Итак, преображение человека вблизи его гибели и сопутствующее этому автоматическое отрешение от всей прежней судьбины может быть заметным для посторонних глаз. Но тот, кто увидит это, уже сам находится недалече от собственного преображения. И дело не в годах или днях, оставшихся ему до смерти, а в ней самой, которая открылась ему во всей своей вселенской непристойности, и отныне, как влажная тёмная картина блудного греха, будет стоять в его глазах ярче всего остального, возникающего в памяти.
Степан в своей норе, вырытой посреди концлагерного пустыря, лежал скорчась и перенимал науку мёртвого Пихтина, а Глеб подошёл — сделал четыре шага от дверей караульного помещения до его угла, — вплотную приблизился к своему знанию. Это произошло у него на последнем году солдатской службы, в вечернее время ранней весны. За углом будки, где караульные воины многих призывов, будучи в наряде, обычно справляли малую нужду, Глеб увидел сидящего на земле солдатика Хандошкина и в первый миг удивился тому, что тот расположился в таком грязном, неуютном месте; но тут же и что-то необычайно страшное, непонятное задело сердце его, оттуда тревожной волной ударило вверх и сжало ему горло. Словно физическую дурноту, сопровождаемую этим болезненным спазмом горла, ощутил Глеб Тураев подступившую беду. Хандошкин обернул голову на звук чужих шагов, но он сидел спиною к углу будки, и потому стриженая его голова не довернулась в хомуте шинельного ворота настолько, чтобы увидеть подходившего сзади Глеба Тураева. Так и не попытавшись узнать, кто ему чуть не помешал в его деле, Хандошкин нажал на спуск, и короткая, оглушительная очередь прогремела. Солдат дёрнулся и медленно завалился на бок, клонившаяся к плечу голова его упёрлась в стену караульной будки, и тело упокоилось. Сзади Глеба Тураева хлопнула дверь, и на выстрелы резвыми прыжками вынесся сержант Белюх — в одном мундире, без шапки. Он столкнул с пути Тураева и, подбежав к Хандошкину, как бы заботливо пригнулся к нему, затем наложил руку на его плечо. Тело солдатика легко запрокинулось, автомат упал рядом на землю. Грудь Хандошкина клокотала кровавыми дырами, рот широко раскрывался в предсмертной зевоте, глаза курносого солдата смотрели прямо в глаза Глебу Тураеву — не моргая, сосредоточенно, спокойно.

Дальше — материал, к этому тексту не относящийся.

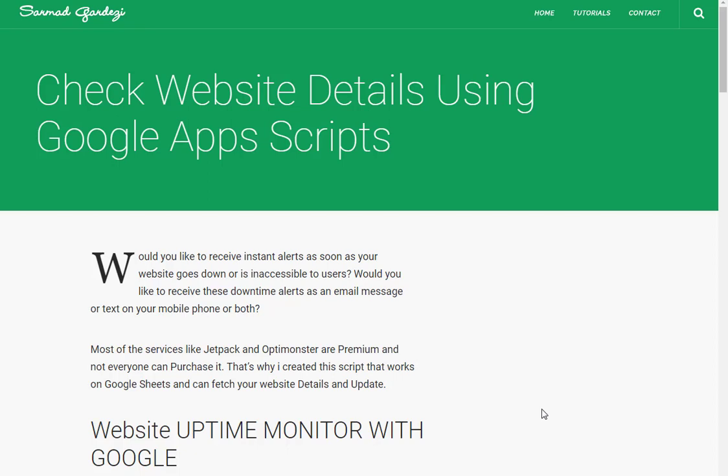Hello friends, my name is Sarmad and in today's video I'm going to introduce my own Google script add-on that is a website checker. With the help of website checker you can simply check your website uptime and downtime by using Google Sheets. You can check out the link in the description for more details.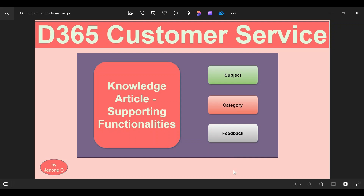Hello everyone, welcome back to this video series on Dynamics 365 Customer Service. In our previous episode we discussed knowledge articles, how they are used in the customer service model, the lifecycle of knowledge articles, and different operations within them. In this particular episode we will see some of the supporting functionalities of knowledge articles like subject, category, and feedback, and the difference between subject and category.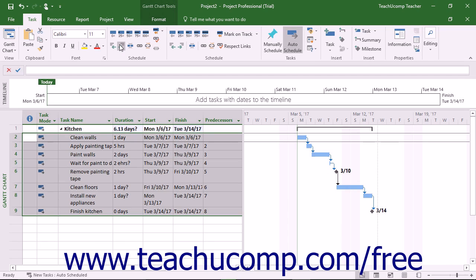Note that the duration of the phase or summary task is the total duration of its related subtasks.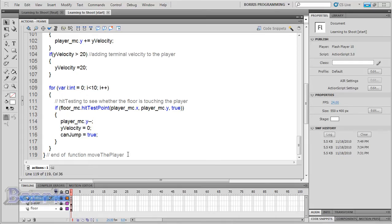Hello YouTube users, welcome to part 2 of the learning to shoot tutorial. In this one I'm going to focus on how to make the bullet class and how to attach it to your FLA file. So let's get started with the real tutorial.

Сержант Белюх стал на одно колено и, близко нагнувшись к самому лицу умирающего, покраснев от натуги, начал кричать с насмешкой и ненавистью:
— Эй ты! Дурак! Дурак ты, слышишь? Свиння! Подыхай, не жалко тебя. Подыхай!
Вослед отходящему сержант спешил выкрикнуть слова от всего сердца — выражающие возмущение, злорадство и одновременно некоторую сердечную задетость тем, что салага-первогодок Хандошкин, такое маленькое и ничтожное существо, осмелился не приказы командиров выполнять и не прислуживать старшим, а совершить что-то вроде самой дерзкой самоволки. Было в этом аккуратном, миниатюрном сержанте начало искони военное, то есть в сыне мелких обывателей мелкого города проявлялись те твёрдые качества, что необходимы для такой сложной общественной работы, как война, надзор, полицейская служба. И, глядя на него, Глеб Тураев испытывал двойное чувство: с одной стороны, хотелось этого сержанта схватить и бить, а с другой — было нехорошо и гадко, что человек становится таким.